There are many ways to get a fix on the bankruptcy filing by the city of Stockton, Calif., but nothing quite says “What were you thinking?” like an overload of expense obligations and an ill-advised bet on the stock market.
Stephen Winterstein, chief municipal strategist at Wilmington Trust Investment Advisors compared four main categories of expenditures to overall expenses in cities across the country and within California, and found Stockton's plight to be near fatal.
Mr. Winterstein, who helps manage $4.5 billion worth of muni bond portfolios, zeroed in expenditures for public safety, debt service, pension funding and other post-employment benefits.
In a cross-section of 118 cities around the country with populations of between 150,000 and 400,000, the median expense of those four combined categories represented 72.6% of general fund expenses.
In a smaller group of 27 California cities, which like the larger group included Stockton, the median expense of the four categories was 76.7% of general fund expenses.
In the case of Stockton, a city of nearly 300,000, the four categories account for 95.7% of general fund expenses.
“In my judgment, they negotiated very generous terms to union contracts,” Mr.
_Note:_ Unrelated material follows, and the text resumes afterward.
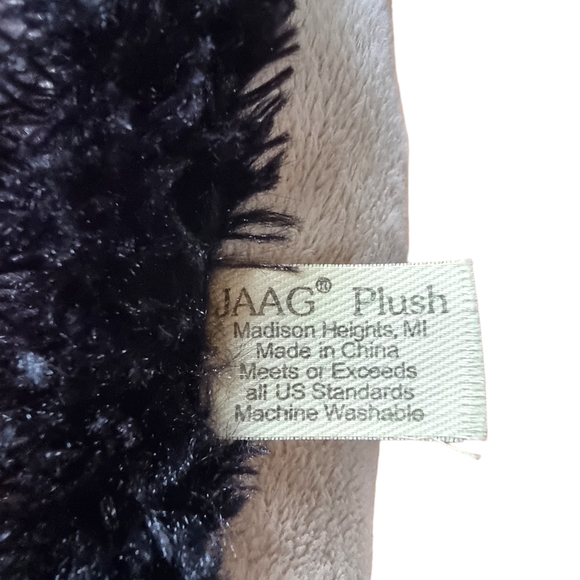JAAG Soft Pillow Plush Dog 3D Black Lab Puppy With Fluffy Trim - Picture 5 of 8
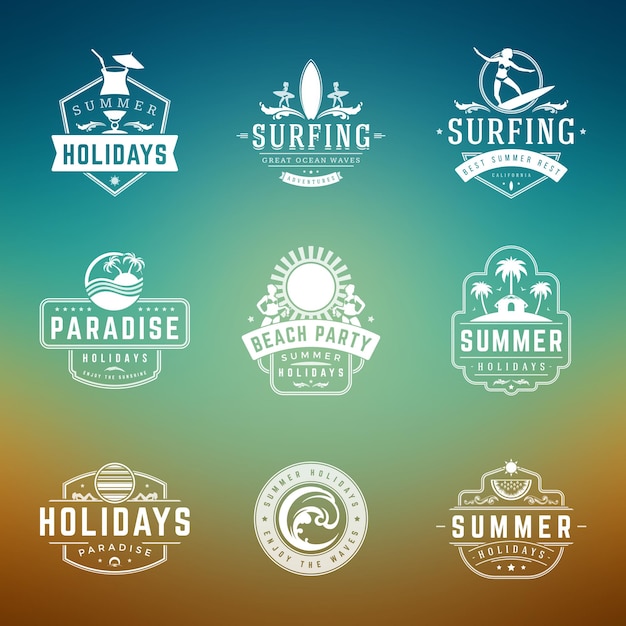 Vecteur vacances d'été étiquettes ou badges modèles de conception de vecteur de typographie rétro ensemble silhouettes et icônes pour affiches cartes de voeux et publicité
Winterstein said. “That is a common theme we've seen in municipalities where there is budgetary stress.”
The situation in Stockton was compounded by an ill-timed 2007 bond issuance designed to help the city meet its pension obligations, the proceeds of which were funneled into the stock market just in time for the market's collapse in 2008.
“It's as if you would have taken out a home equity loan and put it into the stock market,” Mr. Winterstein said.
In terms of why Stockton ultimately pulled the plug and turned to bankruptcy, the most recent 2010 audited numbers show a $2.5 million short fall on a $178 million budget.
The estimates for 2011 are for a $6.5 million short fall.
The short fall estimates climb to $8.6 million for 2012, and then spike to $26 million for 2013.